§ **What to work on**: Pictures are not part of the copy. Set down exactly the lines from the one containing "Slam Dunk Chapter 195 - Page 14" through the last line of the material below.

========

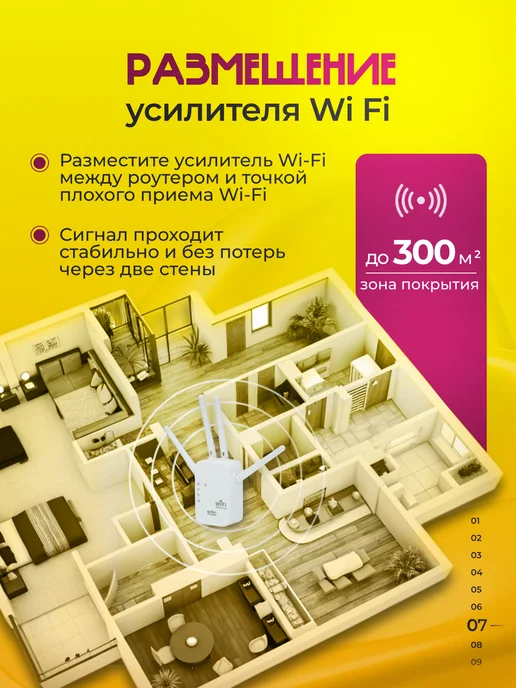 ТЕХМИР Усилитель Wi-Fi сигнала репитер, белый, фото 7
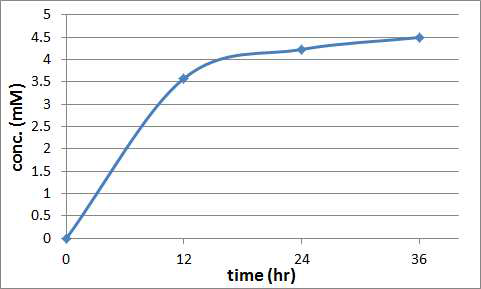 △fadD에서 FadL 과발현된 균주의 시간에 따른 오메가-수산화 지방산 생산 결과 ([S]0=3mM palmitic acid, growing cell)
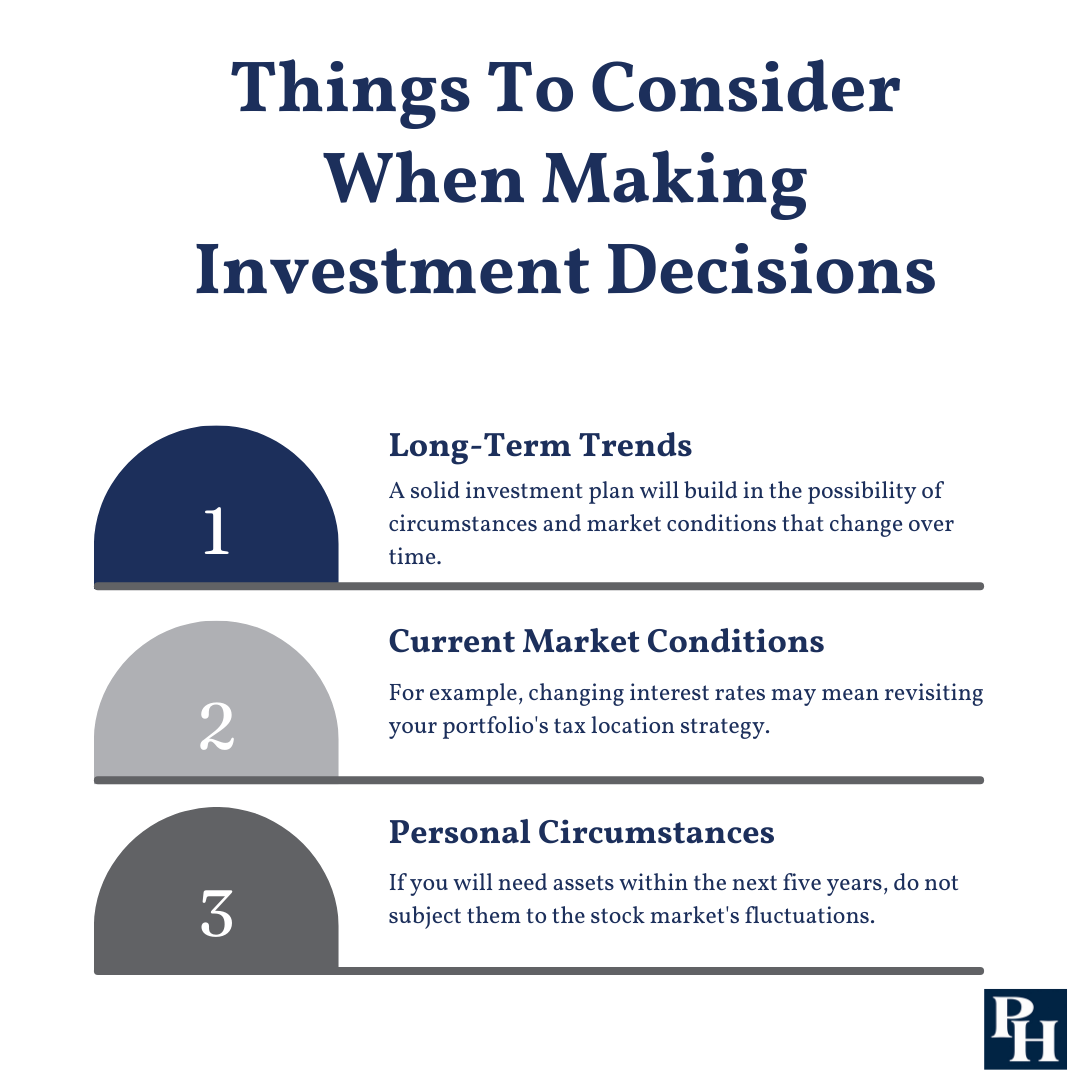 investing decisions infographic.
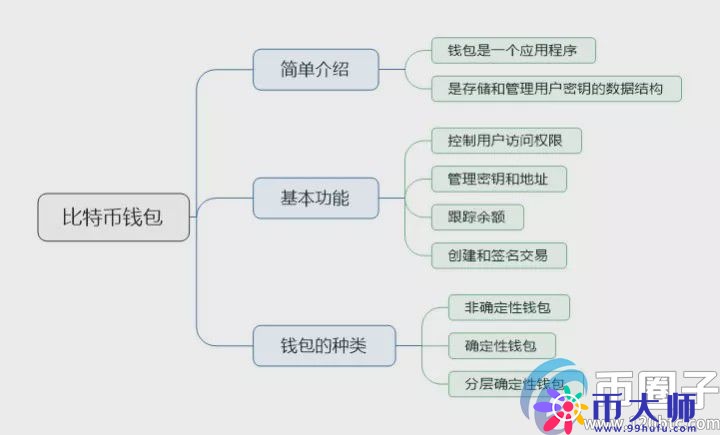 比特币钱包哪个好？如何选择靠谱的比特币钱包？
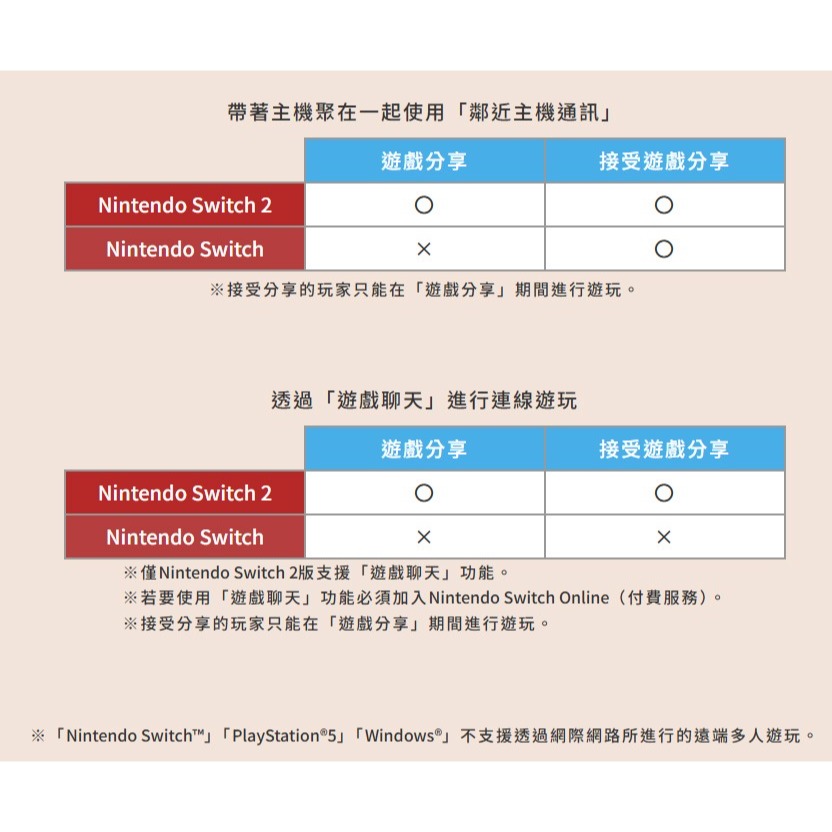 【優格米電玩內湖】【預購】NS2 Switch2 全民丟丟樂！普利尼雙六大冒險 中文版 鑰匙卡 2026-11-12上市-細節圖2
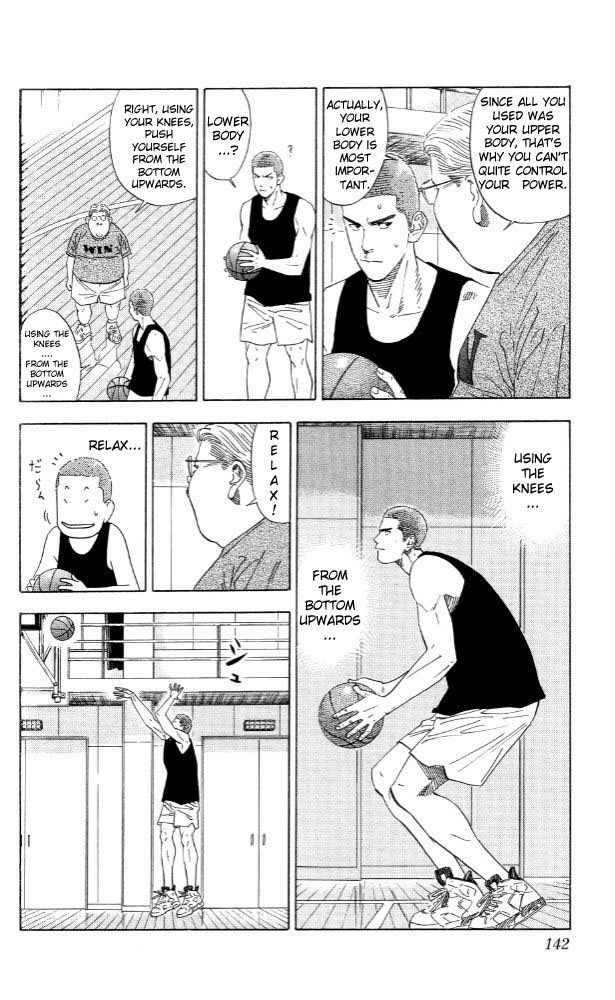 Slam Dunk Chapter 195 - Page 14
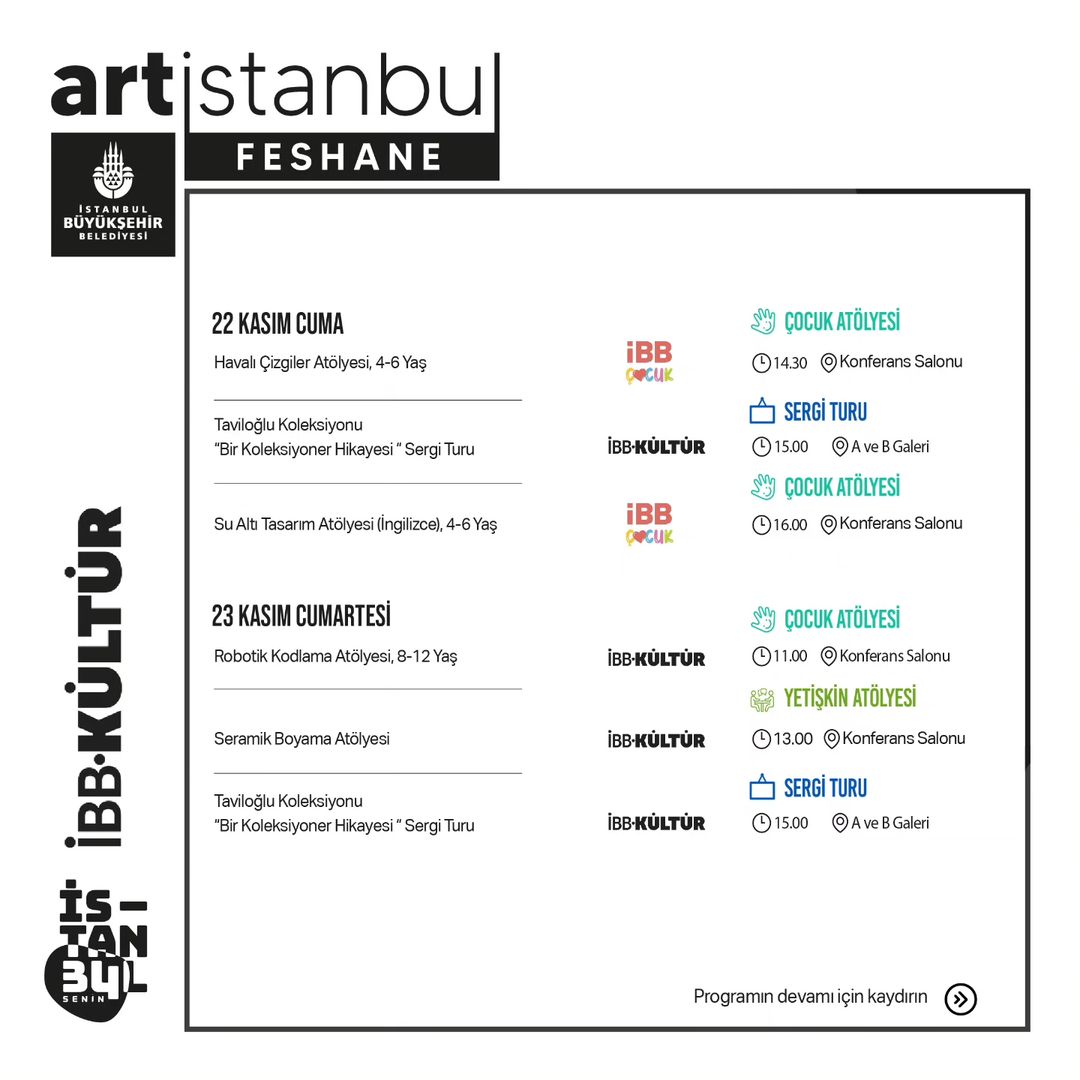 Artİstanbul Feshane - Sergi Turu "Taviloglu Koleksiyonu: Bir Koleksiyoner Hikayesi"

========

§ **Reply**:
 Slam Dunk Chapter 195 - Page 14
 Artİstanbul Feshane - Sergi Turu "Taviloglu Koleksiyonu: Bir Koleksiyoner Hikayesi"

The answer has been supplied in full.